Find an equation for the tangent lines to the hyperbola x^2-y^2 = 16 that pass through (2,-2).

Answer 1

I got the first part down. I'm just not sure how to find the equation of the line that goes through (2,-2) and touches the hyperbola

\[x^{2}+y^{2} = 16\]

\[\frac{ d }{ dx }x^{2}+\frac{ d }{ dx }y^{2} = 0 \]

\[2x+2y~\frac{ dy }{ dx } = 0 \]

\[\frac{ dy }{ dx } = \frac{ -2x }{ -2y }\]

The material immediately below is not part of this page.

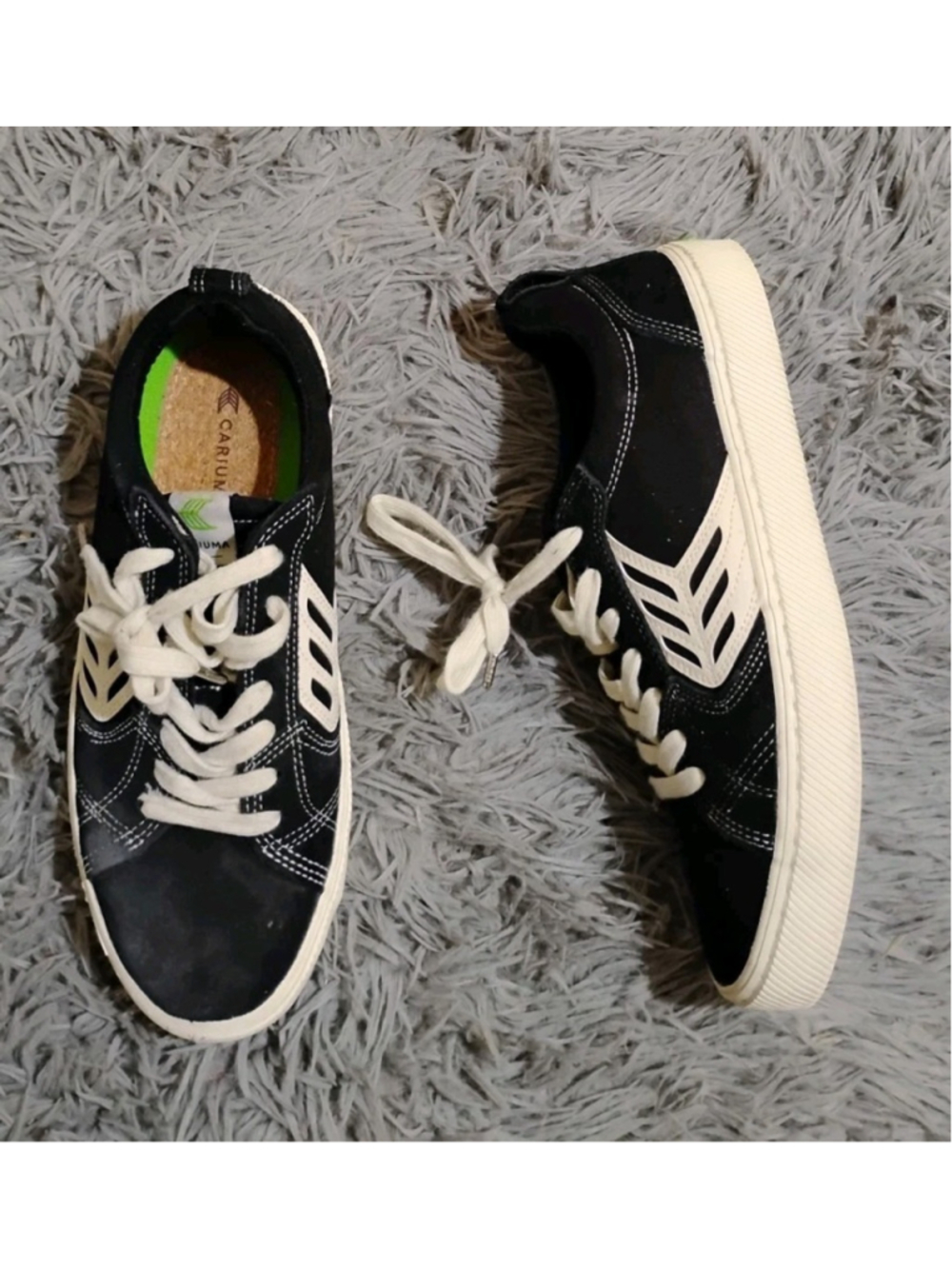 Cariuma CATIBA PRO Men Size 9 Women 10.5 Skate Black Suede Canvas Sneaker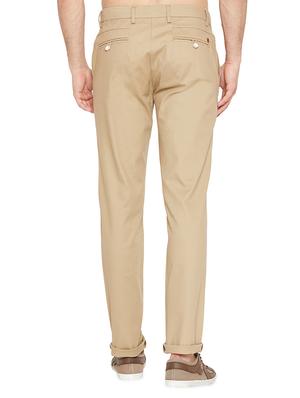 beige solid chinos - 16200146 - Standard Image - 3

\[\frac{ dy }{ dx } = \frac{ x }{ y }\]

Answer 2

how did you get the extra negative factor ?

Answer 3

err... wait.. sorry it was x^{2}-y^{2} = 16

Answer 4

ok lol the other thing was a circle anyways :p
that makes more sense

Answer 5

yeah, Like i don't know what to do after this.. it's saying something like find an equation for the tangent line that also passes through the point (2,-2)

Answer 6

so say the line goes through (a,f(a)) and (2,-2)
where (a,f(a)) is the point of tangent in question

Answer 7

yep following

Answer 8

\[a^2-(f(a))^2=16 \\ -(f(a))^2=16-a^2 \\ (f(a))^2=a^2-16 \\ f(a)= \pm \sqrt{a^2-16} \]
so we have two assumptions to make about f(a)
\[\text{ assume } f(a) >0 \\ \frac{dy}{dx}|_{(x,y)=(a,\sqrt{a^2-16})} =\frac{a}{\sqrt{a^2-16}} \\ \text{ but we also can find the slope of the line algebraically } \\ \text{ that is using } \frac{\sqrt{a^2-16}-(-2)}{a-2}\]

Answer 9

so we have an equation to solve

Answer 10

we will go back later and make the assumption y is negative

Answer 11

i mean f(a)

Answer 12

really ridiculous question: on the second line what happened to the negative sign?

Other question is this:

okay so you're saying that two points a and f(a) are on the circle.

and that we insert those points into the equation for a circle and then isolate to say find
one of the points?

Answer 13

hyperbola :p
also we are trying to find the point of tangency in question
a point of tangency will happen on the relation/function
so yes it is on the hyperbola

we are using the calculus definition of slope and using the algebraic definition of slope to solve for a

Answer 14

and one sec about the negative sign question

Answer 15

are you talking about going from 2nd to 3rd
or from 1st to 2nd?

Answer 16

1st to 2nd I subtract something on both sides
2nd to 3rd I multiplied both sides by -1

Answer 17

-(f(a))^{2} = 16-a^{2}

Answer 18

I'm going to draw a graph of what we are doing
I only drew one possible tangent line that contained (2,-2)
there looks like there is 3 more